The project maintains the integrity of flood protection along the urban lower reaches of the river, while introducing new water quality elements, improving groundwater recharge, restoring native habitat and providing opportunities for environmental education. The project renovated two existing spreading grounds, East Basin and West Basin, located along the Los Angeles River in Long Beach.
Enhancements to the 37-acre East Basin included one mile of constructed treatment wetlands, pedestrian and equestrian trails, two bird observation decks, woodland and riparian habitats, and a bike trail rest station. The wetlands will treat 1.3 to 3.2 million gallons a day of stormwater and urban runoff, significantly reducing fecal coliform, nutrients, heavy metals, organic carbons, and oil and greases.
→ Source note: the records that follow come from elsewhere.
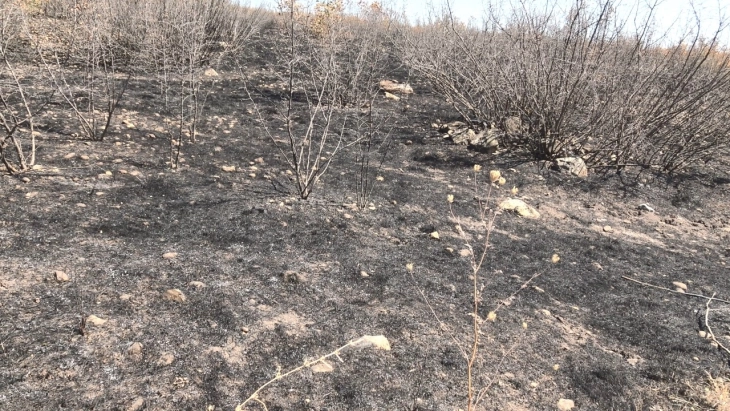 Почнува проценката за обновување на опожарените пасишта во државата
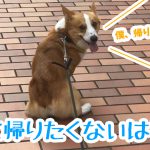 お家に帰りたくないはるさん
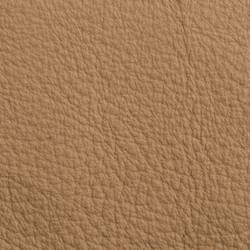 Similar image 5769413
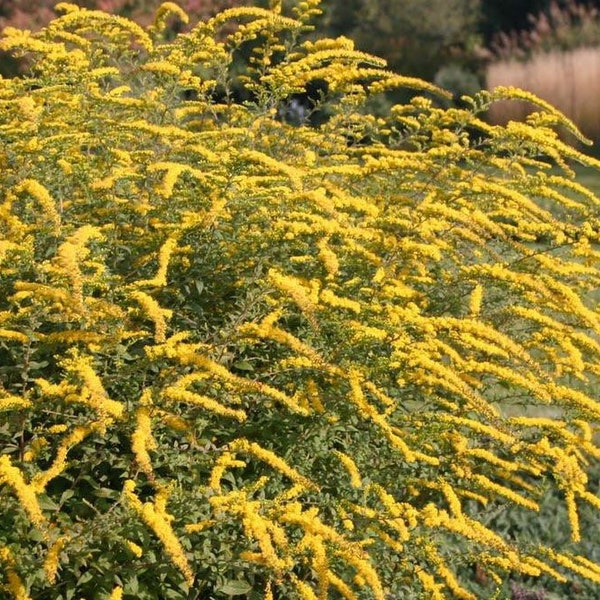 Solidago rugosa ‘Fireworks’ (Goldenrod)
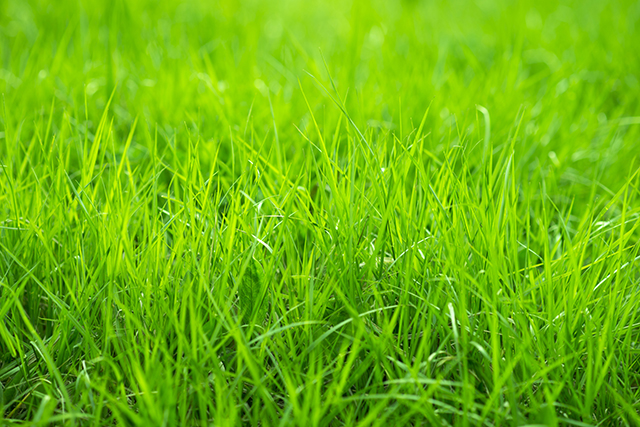 Fresh Lawn Grass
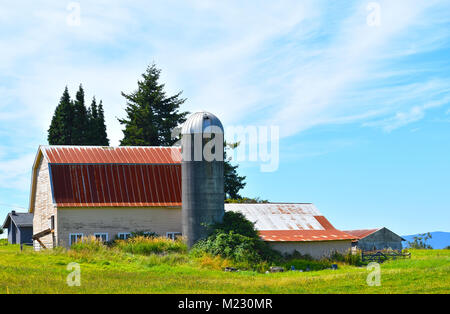 A beautiful pastoral barn and silo scenery in the pacific northwest countryside of Ferndale, Washington, USA. Stock Photo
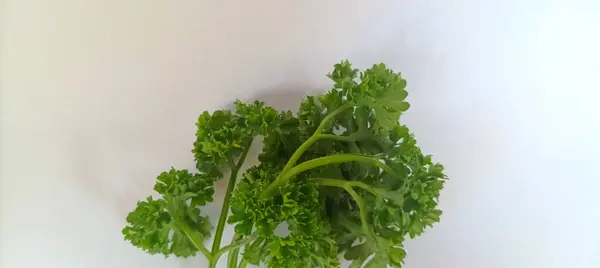 Beyaz arka planda maydanoz. Bu bitkinin gıdanın aromasını ve tadını arttırmak için kullanılan kıvırcık, gür yaprakları var..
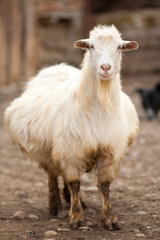 Obraz premium Pregnant white goat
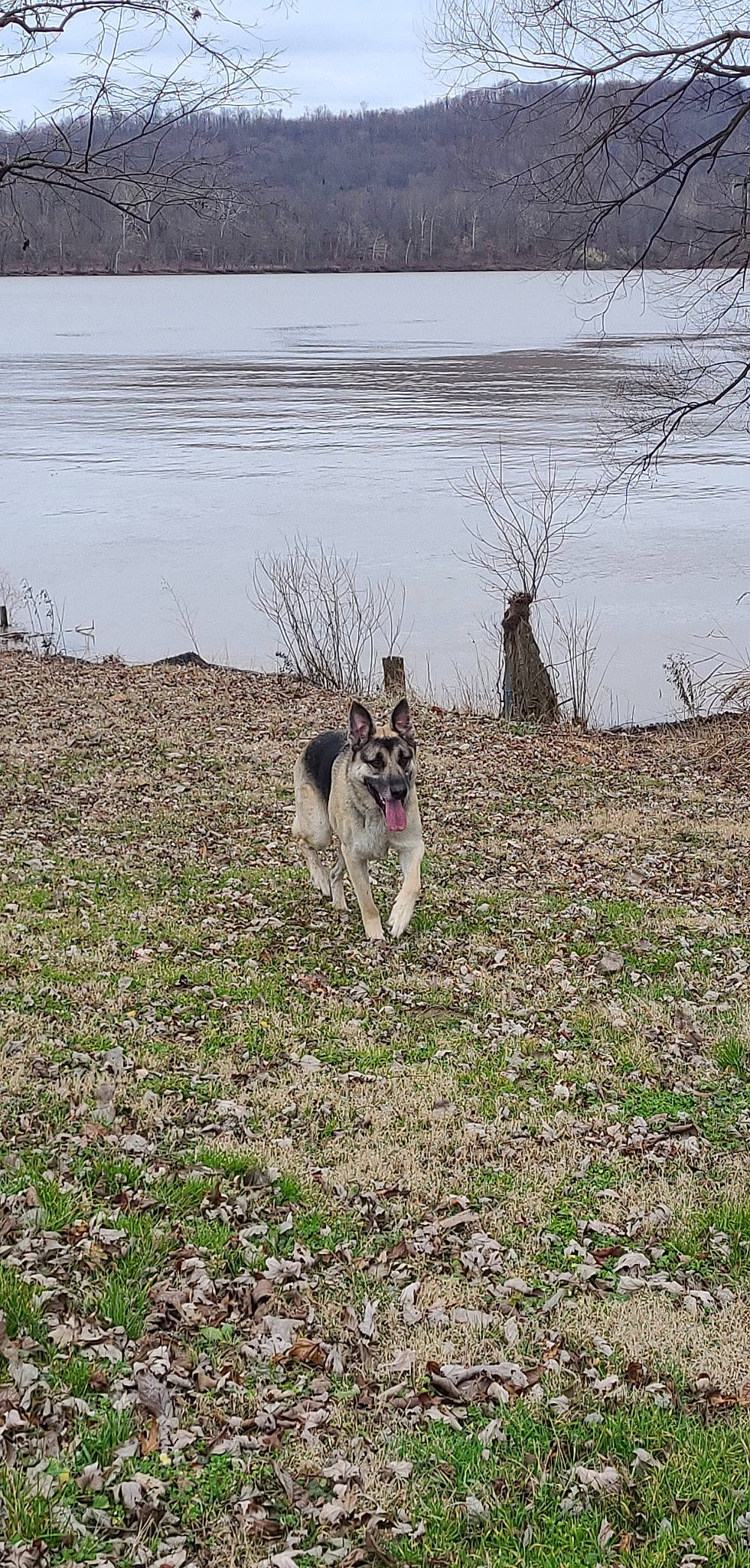 Apollo joined the competition — help win amazing prizes! bog, canidae, carnivore, companion_dog, dog, dog_breed, east_european_shepherd, fawn, grass, herding_dog, lake, plant, reservoir, sled_dog, tail, terrestrial_animal, water, wildlife, working_animal, working_dog
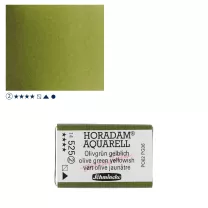 Farba Akwarelowa Schmincke Horadam Kostka 525 S.2 Olive Green Yellowish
Trash booms collect floatable trash before it can foul the wetlands. Once treated, the runoff flows under the Los Angeles River to the West Basin for groundwater recharge.
Funding was provided by the Los Angeles County Flood Control District, State Water Resources Control Board, California Coastal Conservancy, and Rivers and Mountains Conservancy. The locally based Community Conservancy International named the project a Green Solution Project of the Year for 2009. “The Dominguez Gap Wetlands project will have a measurable impact on water quality and return enough water to the groundwater system to meet the supply demands for 900 families of four for one year,” says Diego Cadena, deputy director of the County Department of Public Works.